The fix in n8n was explicit batching: batch size of 1 with a 500-millisecond interval between requests. Sequential, slow, and reliable. For a nightly batch job processing maybe 10-20 videos, the extra few seconds of execution time is irrelevant. Reliability beats speed every time for background automation.

I also set the error handling to continueRegularOutput so that if one delete fails, the workflow continues processing the rest rather than aborting the entire batch. A failed delete means the video stays in the Inbox and gets picked up on the next run. Self-healing through retry.

NPO daily recommendations

SAGE’s second job was daily TV recommendations from the Dutch public broadcasting schedule (NPO). Every day at 17:00, SAGE loads the evening’s programming schedule through a dedicated MCP server, cross-references it against a set of personal viewing preferences, and posts curated recommendations to Hub Chat.

The MCP server wraps the NPO’s public API, providing tools for fetching channel schedules, series details, and episode information. SAGE loads my favorites list for context — which series I follow, which genres I prefer — and filters the evening’s schedule down to relevant picks.

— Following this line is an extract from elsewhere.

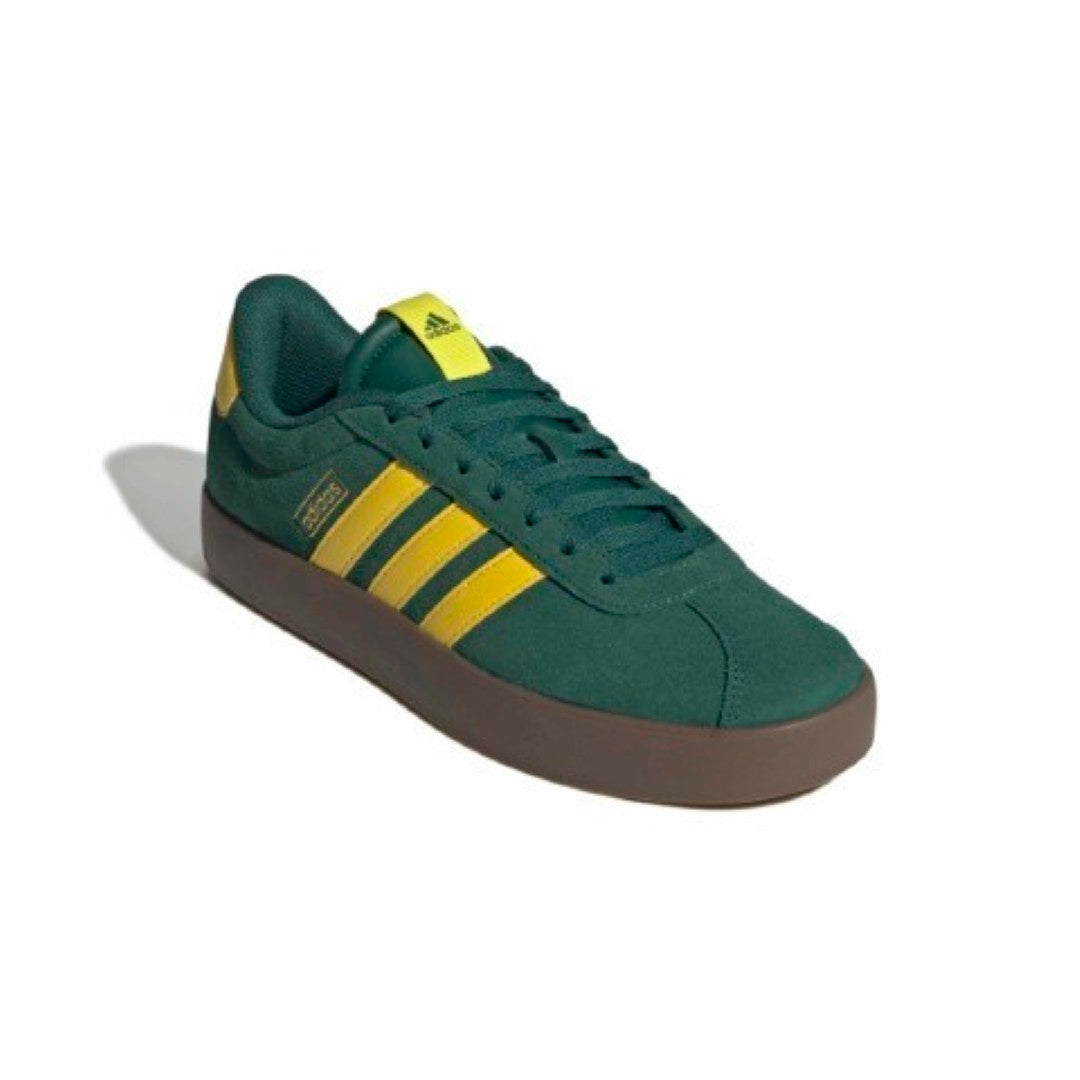 حذاء في ال كورت 3.0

It’s a small feature, but it’s the kind of thing that demonstrates the value of a curator agent. I don’t need to check the TV guide every evening. SAGE has already done it and surfaced the two or three shows worth watching. That’s the librarian’s value proposition: not just having the information, but knowing what’s relevant to you.

Four agents, same constraints

With SAGE deployed, the container now runs four agents. The resource impact was negligible — SAGE’s Node.js process adds the same 50-80 MB as the other agents when idle. The container still sits comfortably within its 2 GB allocation.

The systemd setup follows the same pattern as the other three agents:

nightcrawler.service  — autonomous personal agent
gideon.service        — Hub intelligence and navigator
jarvis.service        — technical engineering specialist
sage.service          — knowledge librarian and content curator

Each service starts on boot, restarts on failure, and logs to journald. The operational overhead of a fourth agent is essentially zero.

What SAGE taught me

The SAGE deployment confirmed something I’d suspected but hadn’t proven: the hard work in a multi-agent system is the infrastructure and runtime, not the agents themselves. Once you have a solid shared runtime, a clean identity layer, and an automation backbone like FOUNDRY for integrations, spinning up new agents is genuinely fast.

But SAGE also taught me something about agent design. The three existing agents — Nightcrawler, Gideon, JARVIS — are all reactive in their primary mode. They respond to messages, answer questions, process requests. SAGE’s classification and recommendation pipelines are proactive by design. Nobody asks SAGE to classify videos at 2 AM — it just does it.

This proactive pattern opens up a different category of agent work. Instead of “agent as conversational partner,” it’s “agent as background curator.” The agent has taste, preferences, and judgment, and it applies them continuously without being asked. That’s a fundamentally different relationship than asking a chatbot questions.

Nightcrawler had hints of this with its heartbeat monitor, but SAGE makes it the primary mode of operation. The conversations are secondary — the real value is in the overnight classification run and the 17:00 TV recommendations that are just there when I want them.

Four agents. Same container. Same 2 GB of RAM. The system keeps growing, and the constraints keep holding.